0000025c <_GLOBAL__sub_I_pin>:
 25c:   61 e0           ldi r22, 0x01   ; 1
 25e:   82 e0           ldi r24, 0x02   ; 2
 260:   56 d0           rcall   .+172       ; 0x30e <pinMode>
 
 262:   60 e0           ldi r22, 0x00   ; 0
 264:   82 e0           ldi r24, 0x02   ; 2
 266:   8c c0           rjmp    .+280       ; 0x380 <digitalWrite>

In the new loop, each write to the output is a single instruction. This is what makes the DirectIO library so fast.

00000256 <loop>:
 256:   74 9a           sbi 0x0e, 4 ; 14
 258:   74 98           cbi 0x0e, 4 ; 14
 25a:   fd cf           rjmp    .-6         ; 0x256 <loop>

Each pass through the loop takes 6 cycles; on a 16 Mhz board, this gives an output frequency of 2.66 MHz - over 40x faster than the native Arduino I/O.

Trace of Direct IO case

Direct I/O with Dynamic Pin Numbers

One more example, using pin numbers specified at runtime. Note that you should only do this if you need dynamic pin numbering; if you have constant pin numbers, use the Output class described above.

#include <DirectIO.h>  

OutputPin pin(2);  

void setup() {}  

void loop() {  
  while(1) {  
    pin = HIGH;  
    pin = LOW;  
  }  
}  

Each pass through the loop takes 75 cycles; on a 16 Mhz board, this gives an output frequency of 214 KHz - over 3x faster than the native Arduino I/O.
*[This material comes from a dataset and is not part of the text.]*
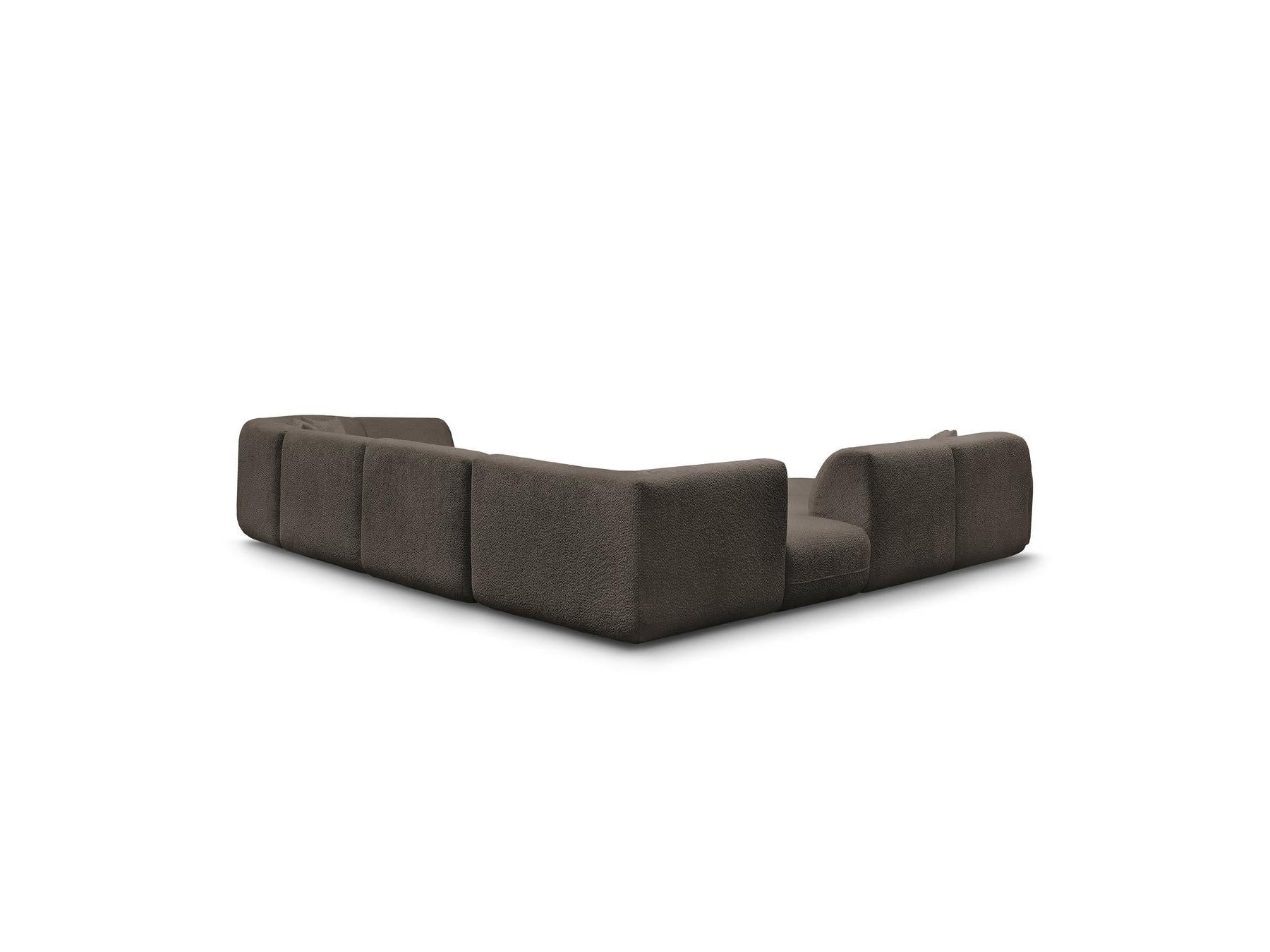Anda - Canapé Panoramique Fixe Modulable - Avec 3 Chauffeuses, 1 Méridienne, 2 Angles Et 1 Pouf - Angle Gauche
Trace of Direct IO dynamic case

8-Bit Port using Arduino I/O

Here is an example sketch that writes a series of values to an 8-bit output port (on pins 0-7).

#define FIRST_PIN 0

void setup() 
{
  for(u8 i = 0; i < 8; i++) {
   pinMode(FIRST_PIN + i, OUTPUT);
  }
}

void loop() {
  u8 value = 0;
  
  while(1) {
    for(u8 i = 0; i < 8; i++) {
     digitalWrite(FIRST_PIN + 7 - i, bitRead(value, i));
    }
    value++;
  }
}

The low order bit is cycling at 8.36 KHz, so the loop is running at 16.7 KHz. This is due to the large number of calls to digitalWrite.

Trace of 8-bit Arduino port

8-Bit Port using DirectIO

Here is the same example using DirectIO:

#include <DirectIO.h>

OutputPort<PORT_D> port;

void setup() {}

void loop() {
  u8 i = 0;
  
  while(1) {
    port = i++;
  }
}

First, the code is more readable. Second, it runs faster. A lot faster.

Trace of 8-bit Arduino port

The low order bit is cycling at 2 MHz, so the loop is executing at 4MHz. This is over 200x as fast as the native Arduino version. Looking at the disassembly reveals why:

0000012c <loop>:
 12c:	80 e0       	ldi	r24, 0x00	; 0
 12e:	8b b9       	out	0x0b, r24	; 11
 130:	8f 5f       	subi	r24, 0xFF	; 255
 132:	fd cf       	rjmp	.-6      	; 0x12e <loop+0x2>

It's a 3-instruction loop that takes 4 cycles per iteration. Most of that time is spent incrementing the counter and branching back to the top of the loop. Writing all 8 bits to the port is done by the out instruction and takes a single cycle.